(RECORDS SUPPLIED)
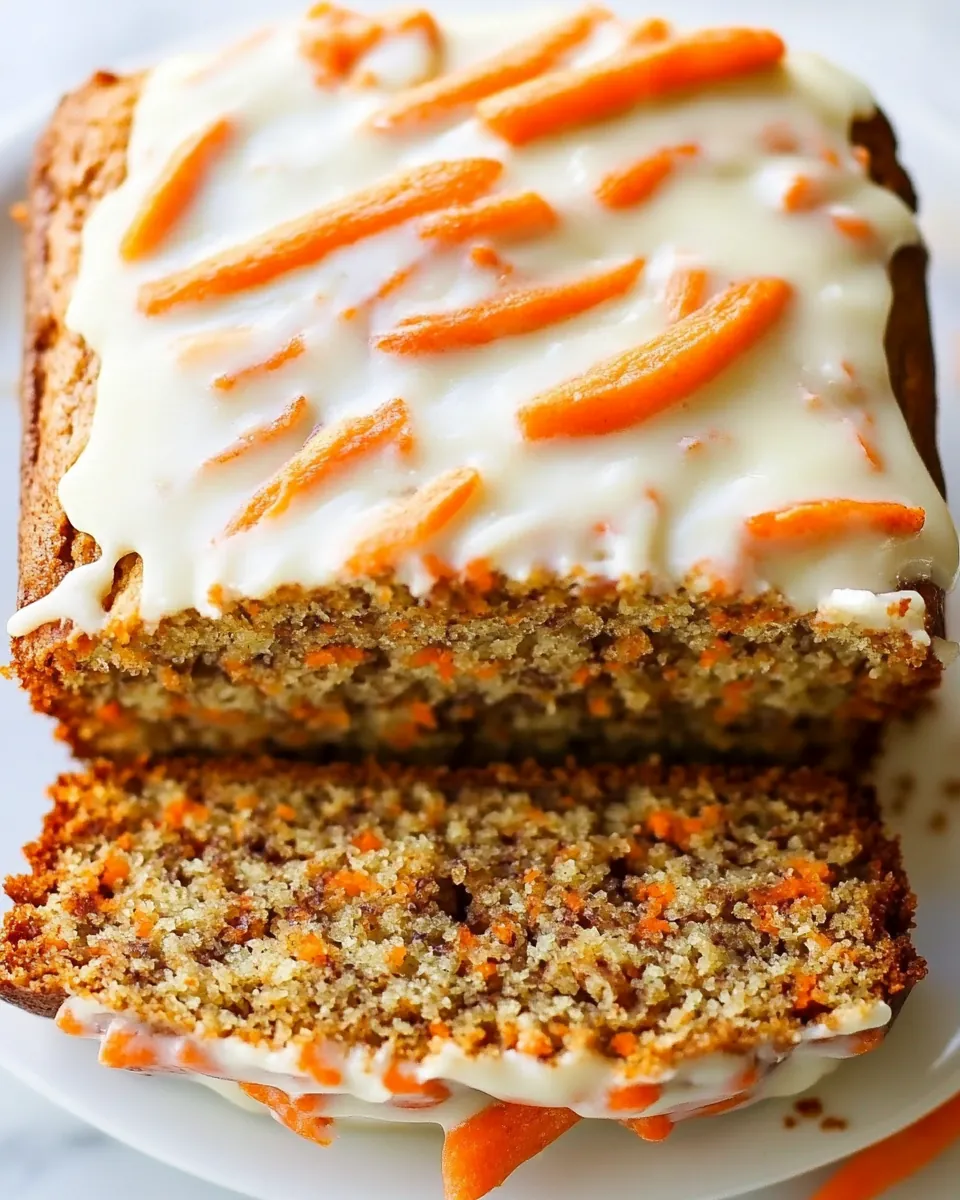 Carrot Cake Banana Bread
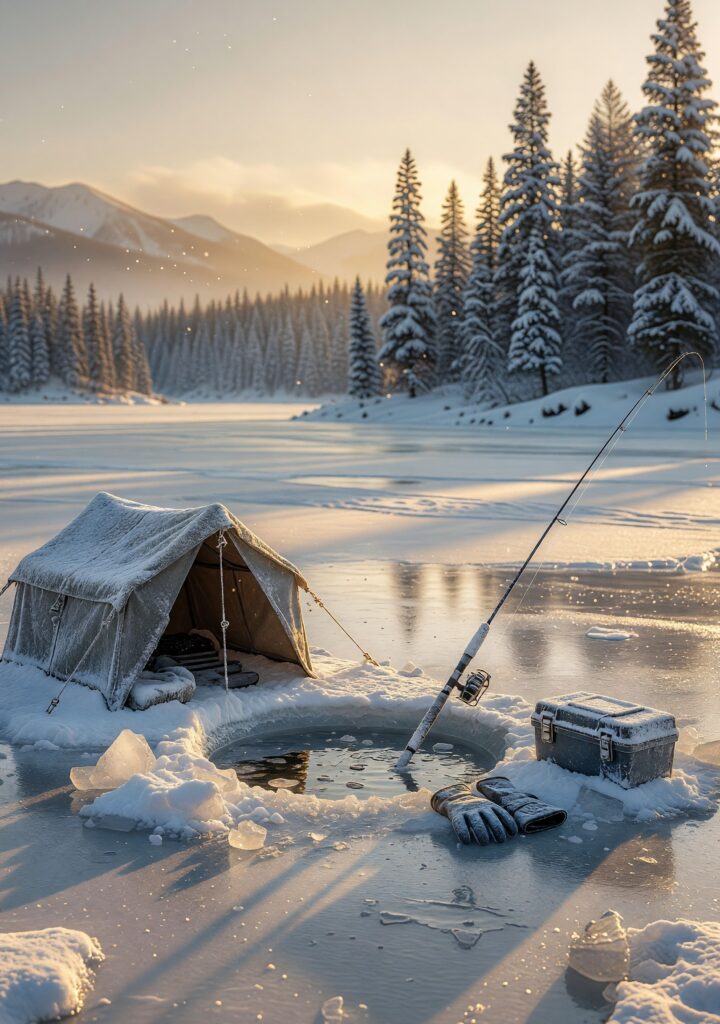 ORN Outdoor Wire: Unlock the Frozen Frontier: Ultimate Ice Fishing Guide for Thrilling Catches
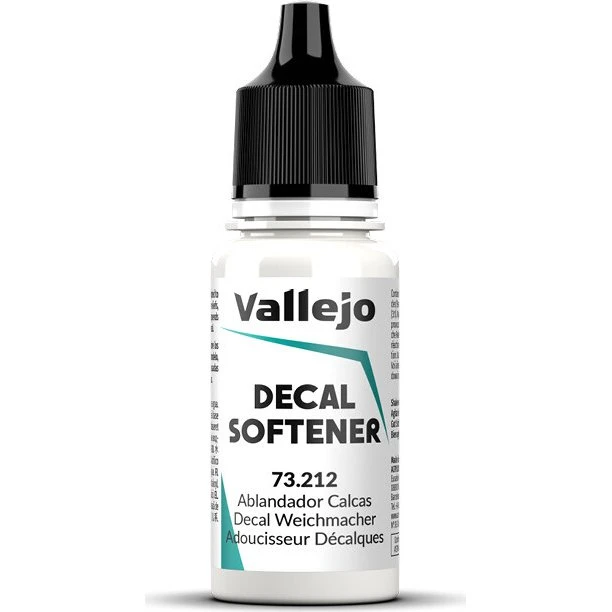 Vallejo Decal Softener 17-18 ml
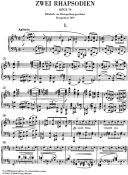 2 Rhapsodies Op.79: Piano  (Henle) additional images 1 2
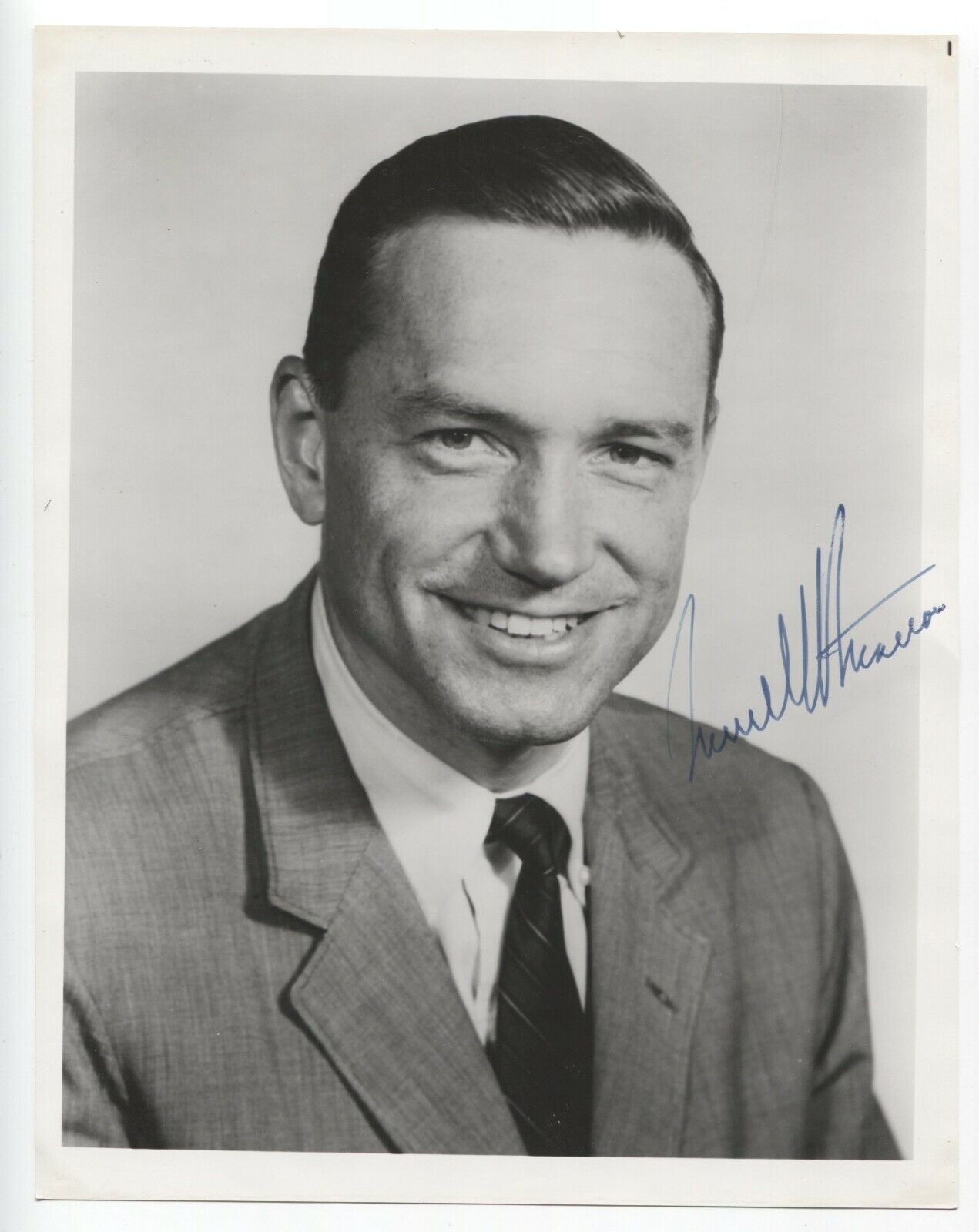 Samuel S. Stratton Signed 8x10 Photo Autographed Signature Politician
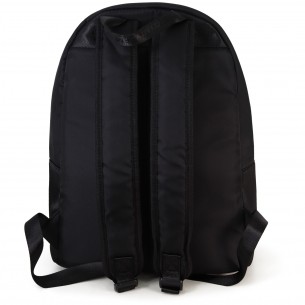 Zaino nero in nylon per uomo 2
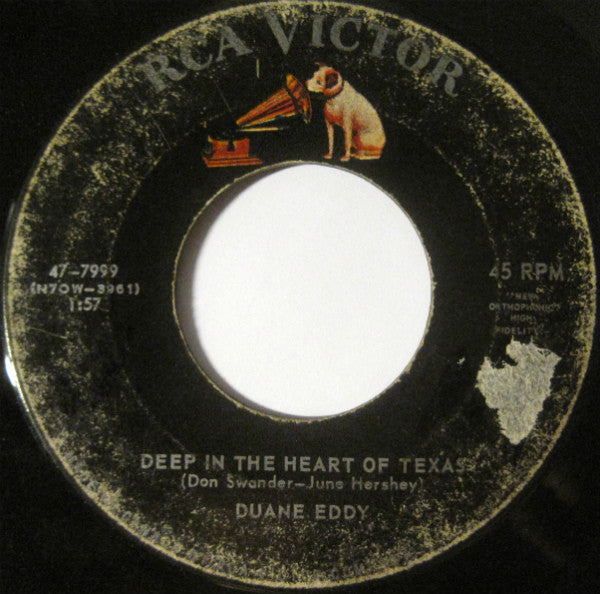 Duane Eddy - Deep In The Heart Of Texas (45-Tours Usagé)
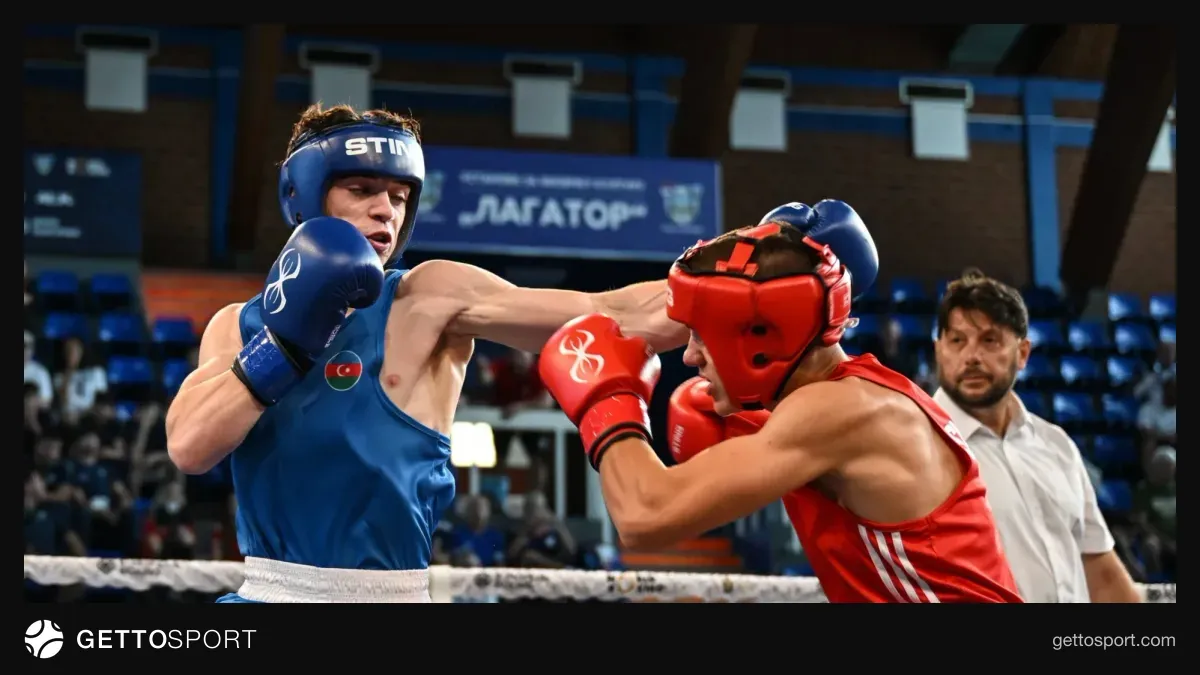 Budvada dünya çempionatında ring və boksçular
(End RECORDS SUPPLIED)
* _WORK TASK_
An exact copy is needed of every line from the line containing "Duane Eddy - Deep" to the last line of the records; pictures stay out of it.

* _RESULT_
 Duane Eddy - Deep In The Heart Of Texas (45-Tours Usagé)
 Budvada dünya çempionatında ring və boksçular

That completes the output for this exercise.